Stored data
********
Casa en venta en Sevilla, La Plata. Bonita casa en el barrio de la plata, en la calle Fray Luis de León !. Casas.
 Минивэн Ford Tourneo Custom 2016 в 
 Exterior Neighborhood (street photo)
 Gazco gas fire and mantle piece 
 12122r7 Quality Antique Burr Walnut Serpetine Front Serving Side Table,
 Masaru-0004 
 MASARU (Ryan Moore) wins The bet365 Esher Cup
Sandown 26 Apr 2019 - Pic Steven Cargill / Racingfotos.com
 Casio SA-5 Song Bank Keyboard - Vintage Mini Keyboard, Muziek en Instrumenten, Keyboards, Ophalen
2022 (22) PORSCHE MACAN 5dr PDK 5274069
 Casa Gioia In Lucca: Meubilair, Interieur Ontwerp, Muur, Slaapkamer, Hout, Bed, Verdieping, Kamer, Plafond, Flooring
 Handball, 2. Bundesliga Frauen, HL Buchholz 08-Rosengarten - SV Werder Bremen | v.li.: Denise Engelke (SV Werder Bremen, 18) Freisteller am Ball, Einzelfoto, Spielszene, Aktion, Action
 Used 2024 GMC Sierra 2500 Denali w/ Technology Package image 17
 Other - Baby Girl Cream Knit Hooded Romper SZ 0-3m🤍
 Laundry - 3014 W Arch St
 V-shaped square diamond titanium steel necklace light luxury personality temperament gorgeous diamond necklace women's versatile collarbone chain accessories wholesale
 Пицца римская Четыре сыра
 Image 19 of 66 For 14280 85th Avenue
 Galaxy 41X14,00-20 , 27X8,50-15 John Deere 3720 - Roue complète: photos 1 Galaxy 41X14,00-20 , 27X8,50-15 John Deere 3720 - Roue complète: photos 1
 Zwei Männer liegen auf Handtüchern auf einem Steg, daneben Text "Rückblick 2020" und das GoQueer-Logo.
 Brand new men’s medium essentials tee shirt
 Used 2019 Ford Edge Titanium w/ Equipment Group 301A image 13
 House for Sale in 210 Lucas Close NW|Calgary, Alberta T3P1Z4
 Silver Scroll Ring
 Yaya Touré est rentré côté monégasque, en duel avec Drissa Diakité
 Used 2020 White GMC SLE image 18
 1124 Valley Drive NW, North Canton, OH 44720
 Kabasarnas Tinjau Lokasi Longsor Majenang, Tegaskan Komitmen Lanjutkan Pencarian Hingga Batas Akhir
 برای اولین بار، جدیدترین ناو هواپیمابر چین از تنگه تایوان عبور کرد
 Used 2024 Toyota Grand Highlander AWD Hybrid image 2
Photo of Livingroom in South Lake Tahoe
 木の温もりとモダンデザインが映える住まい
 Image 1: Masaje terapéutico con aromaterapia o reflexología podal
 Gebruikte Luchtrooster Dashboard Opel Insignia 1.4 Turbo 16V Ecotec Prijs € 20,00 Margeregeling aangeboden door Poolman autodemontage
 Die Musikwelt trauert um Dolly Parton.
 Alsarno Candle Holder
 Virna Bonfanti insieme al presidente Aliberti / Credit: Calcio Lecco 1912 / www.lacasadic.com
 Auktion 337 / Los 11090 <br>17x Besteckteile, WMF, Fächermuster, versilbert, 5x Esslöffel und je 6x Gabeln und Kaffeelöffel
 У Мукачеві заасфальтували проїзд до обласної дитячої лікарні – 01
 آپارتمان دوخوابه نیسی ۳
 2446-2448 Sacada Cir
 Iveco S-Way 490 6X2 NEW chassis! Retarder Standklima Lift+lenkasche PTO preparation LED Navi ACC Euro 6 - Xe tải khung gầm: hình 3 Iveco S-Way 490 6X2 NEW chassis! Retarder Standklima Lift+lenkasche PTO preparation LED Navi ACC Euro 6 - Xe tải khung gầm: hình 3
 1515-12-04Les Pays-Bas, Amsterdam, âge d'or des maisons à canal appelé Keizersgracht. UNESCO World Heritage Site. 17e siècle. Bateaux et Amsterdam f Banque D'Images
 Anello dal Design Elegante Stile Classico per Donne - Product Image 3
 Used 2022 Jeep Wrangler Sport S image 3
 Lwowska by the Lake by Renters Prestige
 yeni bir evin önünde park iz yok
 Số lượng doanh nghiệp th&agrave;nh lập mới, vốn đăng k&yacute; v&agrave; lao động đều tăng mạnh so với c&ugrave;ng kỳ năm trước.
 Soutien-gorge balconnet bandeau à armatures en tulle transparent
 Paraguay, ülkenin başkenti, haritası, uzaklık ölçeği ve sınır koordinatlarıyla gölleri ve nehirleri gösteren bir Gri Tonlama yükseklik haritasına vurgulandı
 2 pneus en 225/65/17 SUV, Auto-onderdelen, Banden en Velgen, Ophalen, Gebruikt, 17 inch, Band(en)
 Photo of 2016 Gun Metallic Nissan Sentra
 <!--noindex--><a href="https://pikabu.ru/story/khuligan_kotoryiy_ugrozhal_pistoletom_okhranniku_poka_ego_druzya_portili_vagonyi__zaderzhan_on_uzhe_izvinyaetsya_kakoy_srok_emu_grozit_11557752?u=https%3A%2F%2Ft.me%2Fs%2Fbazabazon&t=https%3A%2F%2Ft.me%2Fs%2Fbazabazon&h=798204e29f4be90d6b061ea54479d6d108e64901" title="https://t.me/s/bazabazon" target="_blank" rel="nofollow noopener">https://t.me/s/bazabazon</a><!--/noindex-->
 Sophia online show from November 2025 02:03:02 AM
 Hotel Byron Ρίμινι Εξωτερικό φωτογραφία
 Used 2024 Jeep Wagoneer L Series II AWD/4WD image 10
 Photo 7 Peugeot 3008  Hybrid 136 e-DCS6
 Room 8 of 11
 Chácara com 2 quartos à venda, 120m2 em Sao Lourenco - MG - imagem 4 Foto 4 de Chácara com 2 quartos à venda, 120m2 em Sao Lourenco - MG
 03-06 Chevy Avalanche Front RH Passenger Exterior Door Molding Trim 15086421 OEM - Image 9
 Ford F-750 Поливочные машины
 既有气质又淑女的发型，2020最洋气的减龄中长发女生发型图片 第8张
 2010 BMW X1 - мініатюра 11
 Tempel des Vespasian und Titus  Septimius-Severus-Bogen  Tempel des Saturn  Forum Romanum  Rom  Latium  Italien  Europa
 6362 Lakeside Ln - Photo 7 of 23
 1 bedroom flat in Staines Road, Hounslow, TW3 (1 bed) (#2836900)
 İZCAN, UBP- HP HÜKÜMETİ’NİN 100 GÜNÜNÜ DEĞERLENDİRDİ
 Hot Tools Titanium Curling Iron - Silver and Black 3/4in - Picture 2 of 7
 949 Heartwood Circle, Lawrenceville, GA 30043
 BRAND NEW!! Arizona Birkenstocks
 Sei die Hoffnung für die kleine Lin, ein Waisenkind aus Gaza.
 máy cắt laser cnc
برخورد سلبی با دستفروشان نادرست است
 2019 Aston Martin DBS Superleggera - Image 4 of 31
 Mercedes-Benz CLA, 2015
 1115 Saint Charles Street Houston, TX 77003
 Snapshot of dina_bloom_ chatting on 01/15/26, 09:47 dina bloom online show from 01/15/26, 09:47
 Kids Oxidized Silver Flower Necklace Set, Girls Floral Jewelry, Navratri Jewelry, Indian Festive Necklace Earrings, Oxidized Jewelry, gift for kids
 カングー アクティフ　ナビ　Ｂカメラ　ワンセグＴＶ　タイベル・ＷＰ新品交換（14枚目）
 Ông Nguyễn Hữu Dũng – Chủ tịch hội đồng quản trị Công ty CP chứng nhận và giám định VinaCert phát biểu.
********
» Problem description
Nothing but the lines from the one with "1115 Saint Charles Street Houston, TX 77003" to the last line of the data should appear in the answer, each exactly as it stands.

» Answer area
 1115 Saint Charles Street Houston, TX 77003
 Snapshot of dina_bloom_ chatting on 01/15/26, 09:47 dina bloom online show from 01/15/26, 09:47
 Kids Oxidized Silver Flower Necklace Set, Girls Floral Jewelry, Navratri Jewelry, Indian Festive Necklace Earrings, Oxidized Jewelry, gift for kids
 カングー アクティフ　ナビ　Ｂカメラ　ワンセグＴＶ　タイベル・ＷＰ新品交換（14枚目）
 Ông Nguyễn Hữu Dũng – Chủ tịch hội đồng quản trị Công ty CP chứng nhận và giám định VinaCert phát biểu.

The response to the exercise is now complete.